+++ Dataset records +++

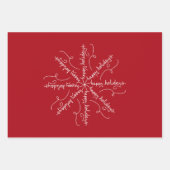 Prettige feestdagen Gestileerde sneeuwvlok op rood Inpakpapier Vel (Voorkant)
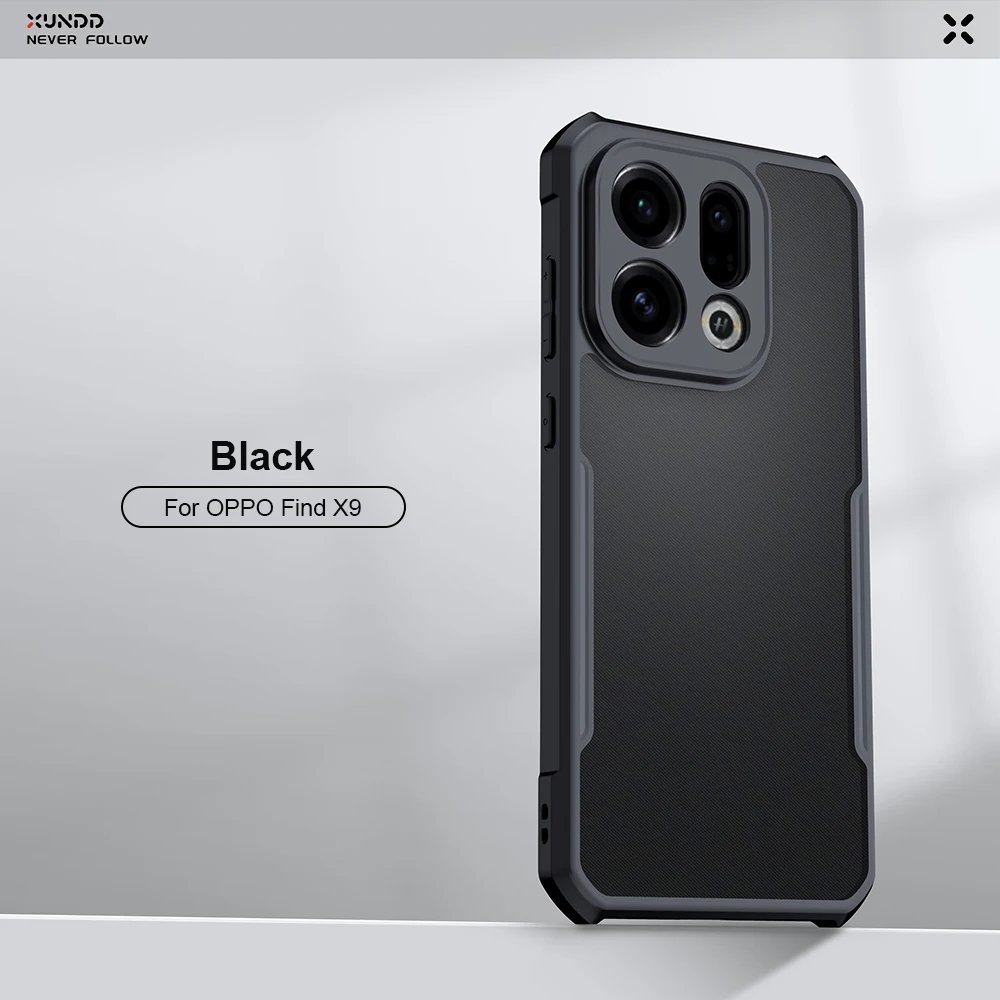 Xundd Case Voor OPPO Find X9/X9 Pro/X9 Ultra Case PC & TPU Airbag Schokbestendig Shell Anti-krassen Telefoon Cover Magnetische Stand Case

+++
+++ Dataset records +++

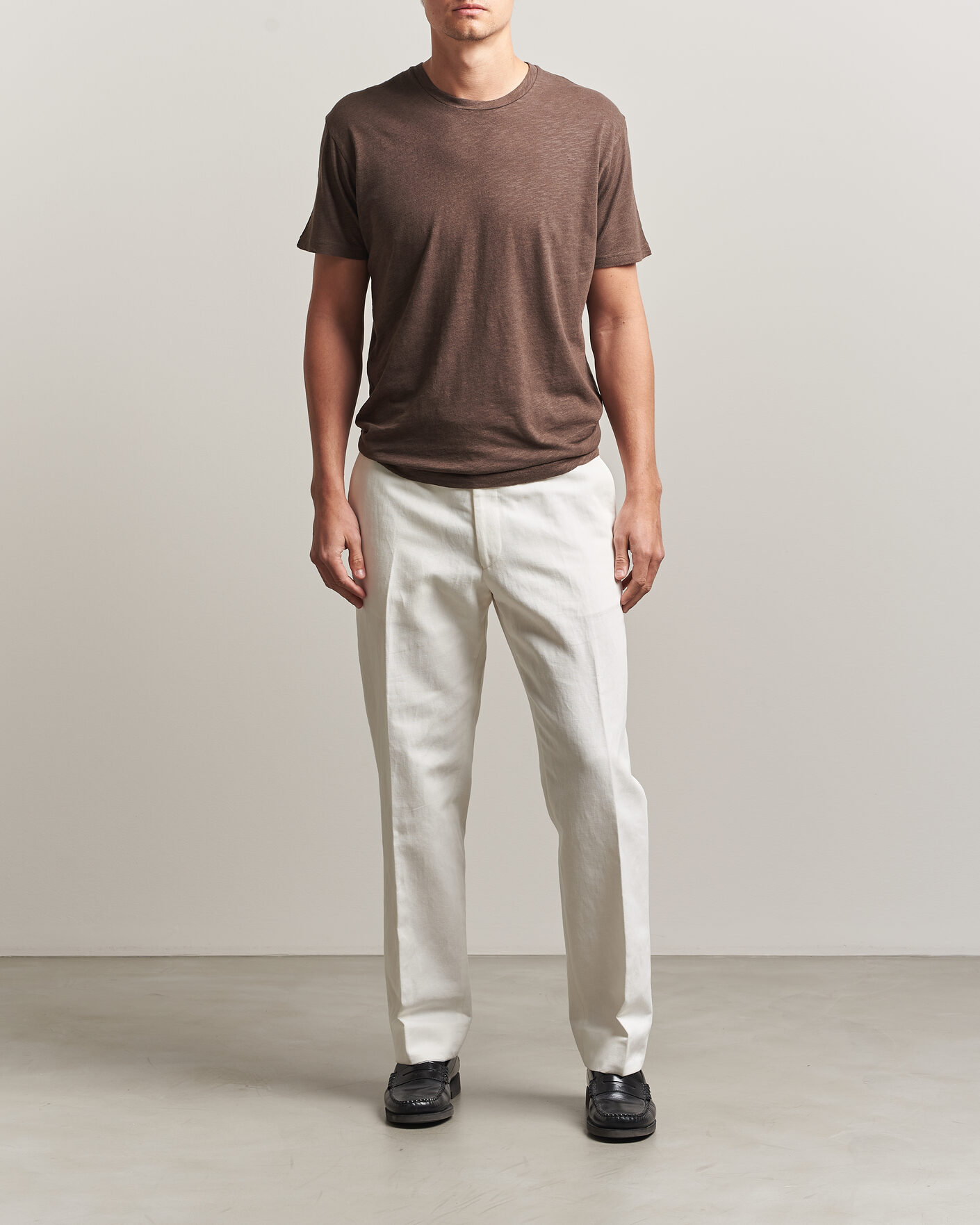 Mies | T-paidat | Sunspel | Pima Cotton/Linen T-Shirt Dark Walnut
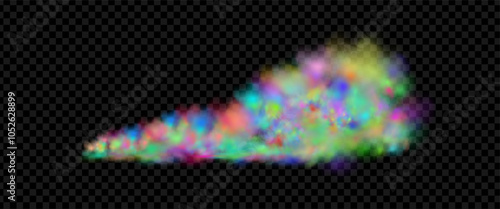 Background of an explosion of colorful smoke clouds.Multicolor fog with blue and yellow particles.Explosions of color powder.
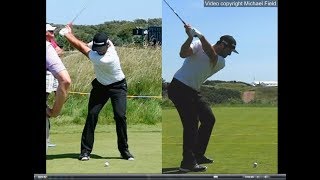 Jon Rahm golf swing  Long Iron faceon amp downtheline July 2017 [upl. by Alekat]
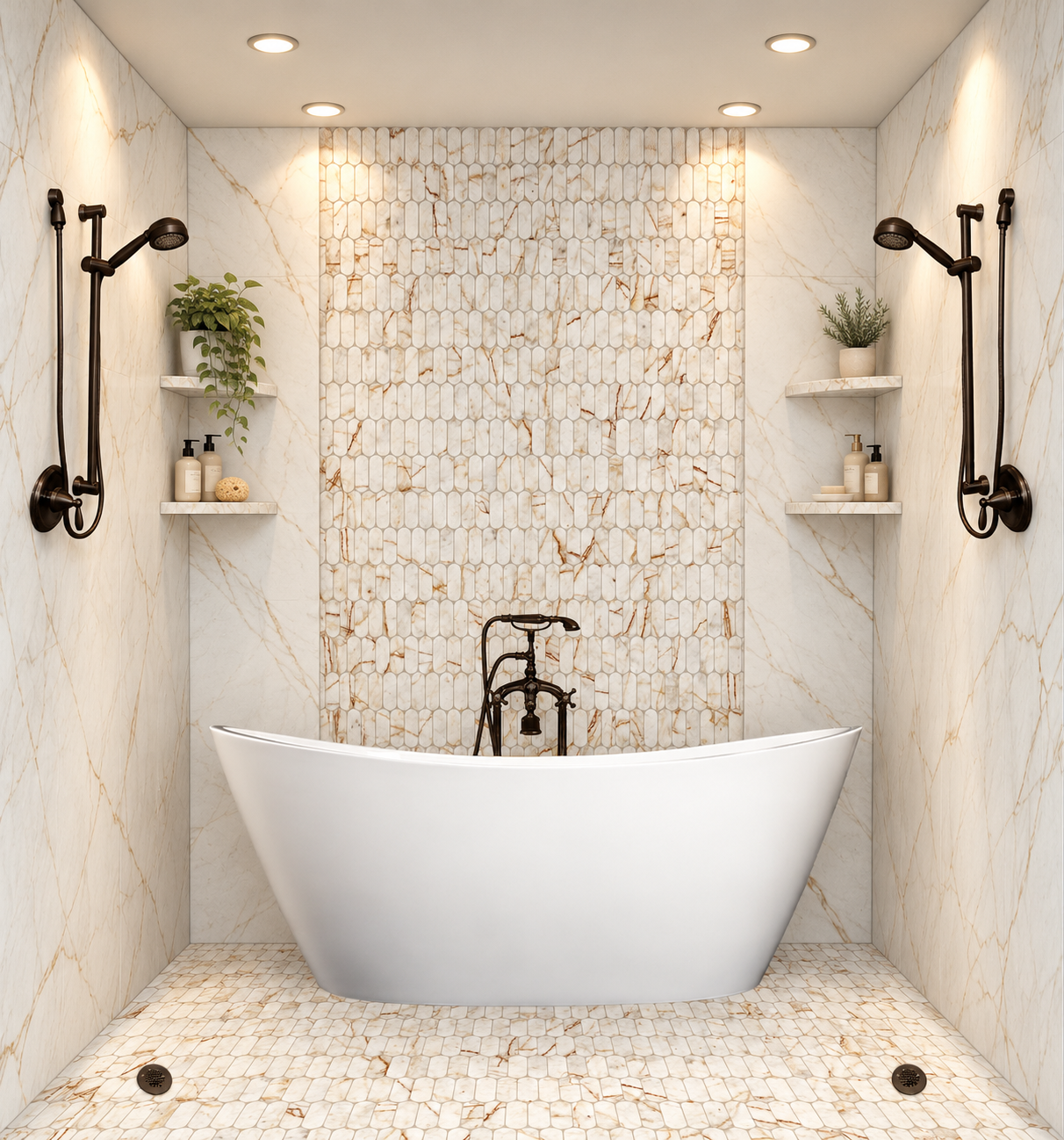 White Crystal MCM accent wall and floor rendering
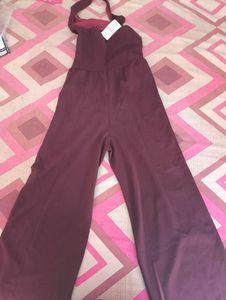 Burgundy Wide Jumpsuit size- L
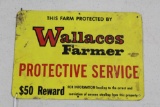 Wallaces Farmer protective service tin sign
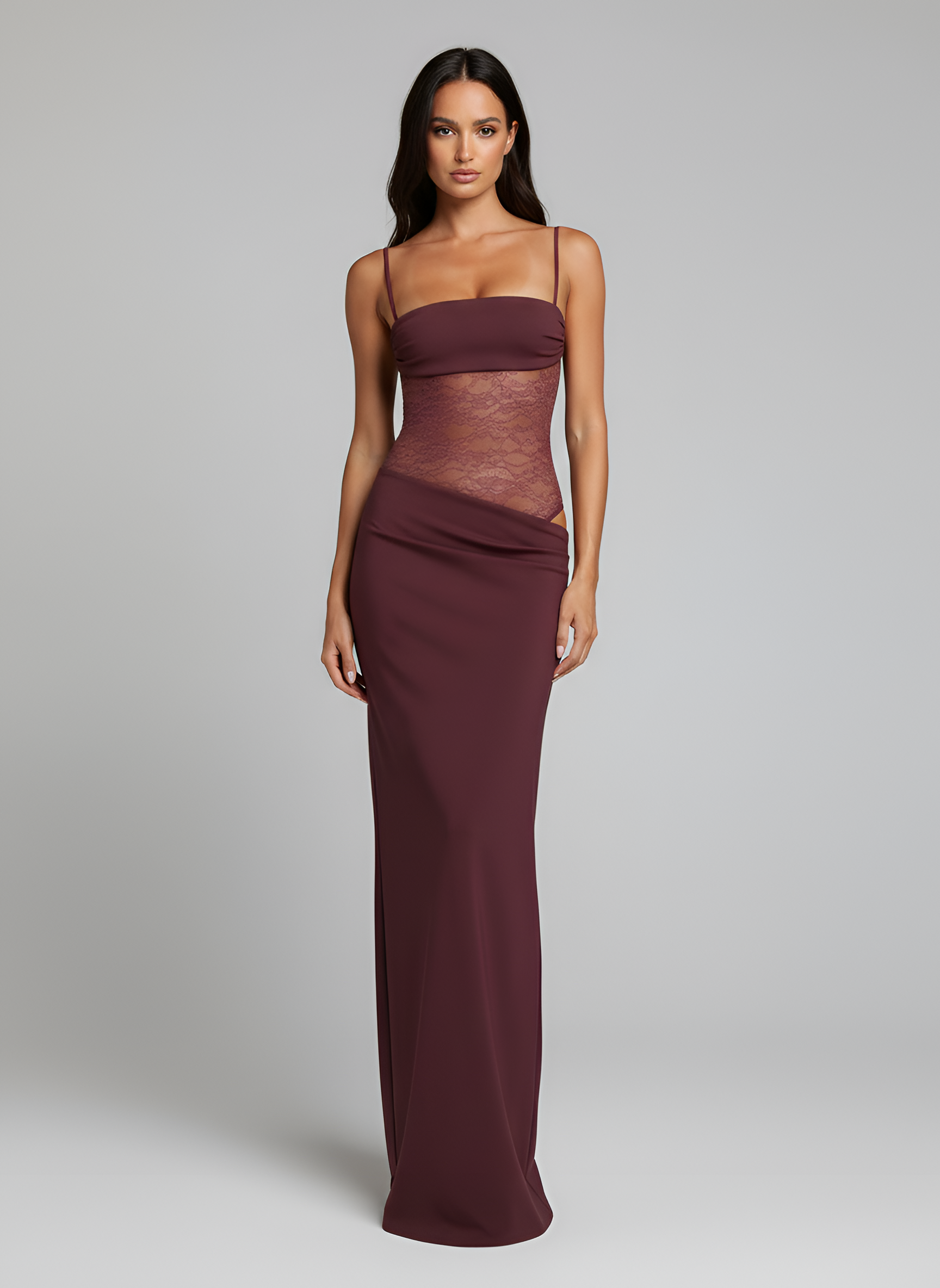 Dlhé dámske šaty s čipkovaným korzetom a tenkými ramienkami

+++

Work required :: From the records above, transcribe only the stretch from the line with "Prettige feestdagen Gestileerde" through the line with "Xundd Case Voor", keeping both ends. Omit pictures.

Solution ::
 Prettige feestdagen Gestileerde sneeuwvlok op rood Inpakpapier Vel (Voorkant)
 Xundd Case Voor OPPO Find X9/X9 Pro/X9 Ultra Case PC & TPU Airbag Schokbestendig Shell Anti-krassen Telefoon Cover Magnetische Stand Case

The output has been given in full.